Der Nachmittag ist super gelaufen. Ich habe heute begonnen zu schneiden und das klappt bestens. Sieht sehr dynamisch und cool aus.
Ich hoffe das es im Laufe der nächsten Woche was auf Spiegel Online zu sehen gibt. Werde euch den Link schicken!


----------



## ecols (26. September 2007)

Spiegel online? Shit! Zum Glück hatt ich mein Rad nicht dabei


----------



## SandraS (5. Oktober 2007)

Nur um euch kurz auf dem Laufenden zu halten:
Der Beitrag ist ansich fertig, ich schreibe gerade noch an einem kleinen Artikel über Bike-Trial um den film optimal auf Spiegel.de einbauen zu können.
Also noch ein wenig gedult, ich hoffe ich kann das alles nächste Woche veröffentlichen!


----------



## SandraS (27. Oktober 2007)

Der Film steht jetzt endlich offiziell im Netz:
http://www.spiegel.de/videoplayer/0,6298,22960,00.html


----------



## SandraS (27. Oktober 2007)

Danke an alle, die mich bei dem Film unterstützt haben!
Jetzt könnt ihr ihn endlich im Netz finden:
http://www.spiegel.de/videoplayer/0,6298,22960,00.html


----------



## luckygambler (27. Oktober 2007)

hey schön mal etwas positives in den medien zu sehen! 
bietet einen netten ersten einblick in den sport.  
ist aber wie ich finde etwas knapp gehalten. 
wettkampf- und vereinsatmosphäre wären auch sehr informativ gewesen.
so bekäme der zuschauer vl einen besseren eindruck von der motivation für diesen sport.


----------



## Trialmaniax (27. Oktober 2007)

Respekt, gefällt mir sehr gut


----------



## Eisbein (27. Oktober 2007)

sowas haben wir leider nicht in berlin. also verein oder nen richtig brauchbares gelände mit sektionen.


----------



## KAMIkazerider (27. Oktober 2007)

Ist sehr gut geworden!


----------



## MTB-News.de




----------



## misanthropia (27. Oktober 2007)

sehr cool und informativ und nicht auf Kinderniveau. Kurz... nun gut... stimme ich zu aber schon ein wunder dass trial überhaupt mal im Tv gezeigt wird. 
Und auch positiv dass kein Vergleich zum BMX gezogen wurde. Vielleicht gibt es ja bald eine Fortsetzung


----------



## Jerry (29. Oktober 2007)

Ich finde den Beitrag auch sehr gut. Natürlich macht man den Sport auch wegen des Kicks und nicht nur wegen der Vereinsatmosphäre. Ich finde jedoch, das trial ein filigraner Sport ist - nicht so brutal (außer bei Tunnicliff) und das kommt leider etwas zu kurz. Wobei es waren halt nur 3 min und da kann man nicht alles mit reinbringen.

Also dickes Lob

Jerry


----------



## Raimund-Aut (29. Oktober 2007)

Ich find es von der Kameraführung und vom Bildausschnitt nicht optimal gewählt. Am besten ist es, sich an guten Trialvideos zu orientieren bzw. Videos zu vergleichen um zu sehen, wie es wirkt, wenn zB nur die Räder, oder das ganze Bike samt Fahrer im Bild zu sehen ist. Wird das bike halb weggeschnitten und man sieht nur den Fahrer ganz, ist das wenig optimal. 

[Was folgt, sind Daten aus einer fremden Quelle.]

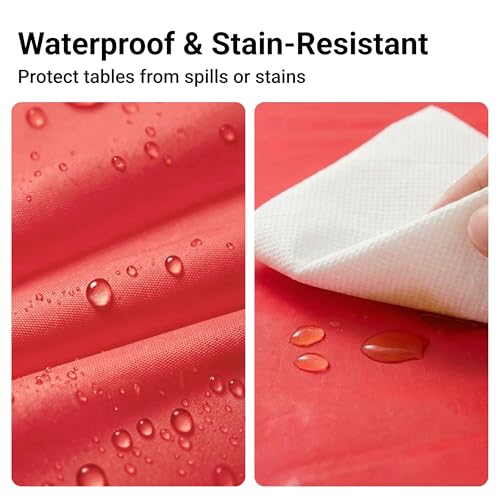 Auros 10-Pack Red Plastic Table Cloth, 84" Round Disposable Table Cover | Waterproof, Spill-Proof & Throw Away Table Cloth, Easy Cleanup for Party, Birthday, Wedding, Graduation, Picnic, Party Red - color: Party Red, size: 84" Round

Abgesehen davon, super Video und gute Idee.


----------



## SandraS (29. Oktober 2007)

Erstmal freue ich mich sehr über euer Lob. Das beruhigt mich, wenn mein Text nicht total nach Trial-Anfängerin klingt  
Zu den 3 Minuten muss ich sagen, dass das schon maximal mögliche Länge ist. Klar, dass Leute die voll im Thema drin sind, etwas vermissen werden.
Vielleicht hat ja auch der ein oder andere Journalist das Video gesehn und mehr Berichterstattung folgt!
Den vielen netten Jungs, die ich bei dem Dreh kennengelernt habe würde ich es wünschen!


----------